Mike Snitzer snitzer at redhat.com
Fri Feb 21 02:56:04 UTC 2014


If a thin metadata operation fails the current transaction will abort,
whereby causing potential for IO layers up the stack (e.g. filesystems)
to have data loss.  As such, set THIN_METADATA_NEEDS_CHECK_FLAG in the
thin metadata's superblock which forces the user to:
1) verify the thin metadata is consistent (e.g. use thin_check, etc)
2) verify the thin data is consistent (e.g. use fsck)

The only way to clear the superblock's THIN_METADATA_NEEDS_CHECK_FLAG is
to run thin_repair.

On metadata operation failure: abort current metadata transaction, set
pool in read-only mode, and now set the needs_check flag.
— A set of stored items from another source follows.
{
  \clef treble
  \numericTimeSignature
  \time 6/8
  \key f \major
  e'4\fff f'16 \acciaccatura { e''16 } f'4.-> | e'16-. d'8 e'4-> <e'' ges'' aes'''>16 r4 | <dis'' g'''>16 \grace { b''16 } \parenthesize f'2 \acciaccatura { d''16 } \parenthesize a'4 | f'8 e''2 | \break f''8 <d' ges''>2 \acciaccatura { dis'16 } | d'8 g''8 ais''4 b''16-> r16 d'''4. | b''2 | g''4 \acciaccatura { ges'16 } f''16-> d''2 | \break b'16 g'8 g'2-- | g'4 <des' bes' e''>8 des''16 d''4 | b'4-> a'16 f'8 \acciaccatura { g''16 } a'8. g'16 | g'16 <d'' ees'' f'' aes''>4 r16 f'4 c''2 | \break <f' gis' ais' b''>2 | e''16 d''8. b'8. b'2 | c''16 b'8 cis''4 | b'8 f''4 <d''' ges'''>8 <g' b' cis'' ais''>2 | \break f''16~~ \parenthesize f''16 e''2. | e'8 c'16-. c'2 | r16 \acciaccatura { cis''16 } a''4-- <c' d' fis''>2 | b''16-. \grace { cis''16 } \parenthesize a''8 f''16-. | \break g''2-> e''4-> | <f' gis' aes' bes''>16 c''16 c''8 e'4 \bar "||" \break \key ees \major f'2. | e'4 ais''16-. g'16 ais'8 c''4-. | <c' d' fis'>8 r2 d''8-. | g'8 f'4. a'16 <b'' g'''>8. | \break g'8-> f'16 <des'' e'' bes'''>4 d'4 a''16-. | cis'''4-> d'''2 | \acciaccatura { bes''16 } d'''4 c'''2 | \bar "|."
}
As part of this change, constraints are introduced or relaxed:
* don't allow a pool to transition to write mode if needs_check is set
* don't queue IO if needs_check is set
* don't allow data or metadata space to be resized if needs_check is set
* if a thin pool's metadata space is exhausted: the kernel will now
  force the user to take the pool offline for repair before the kernel
  will allow the metadata space to be extended.
* relax response to data allocation failure due to no data space:
  don't abort the current metadata transaction (this allows previously
  allocated and prepared mappings to be committed).

Signed-off-by: Mike Snitzer <snitzer at redhat.com>
---
 Documentation/device-mapper/thin-provisioning.txt | 21 +++---
 drivers/md/dm-thin-metadata.c                     | 20 +++++-
 drivers/md/dm-thin-metadata.h                     |  8 +++
 drivers/md/dm-thin.c                              | 82 +++++++++++++++++------
 4 files changed, 102 insertions(+), 29 deletions(-)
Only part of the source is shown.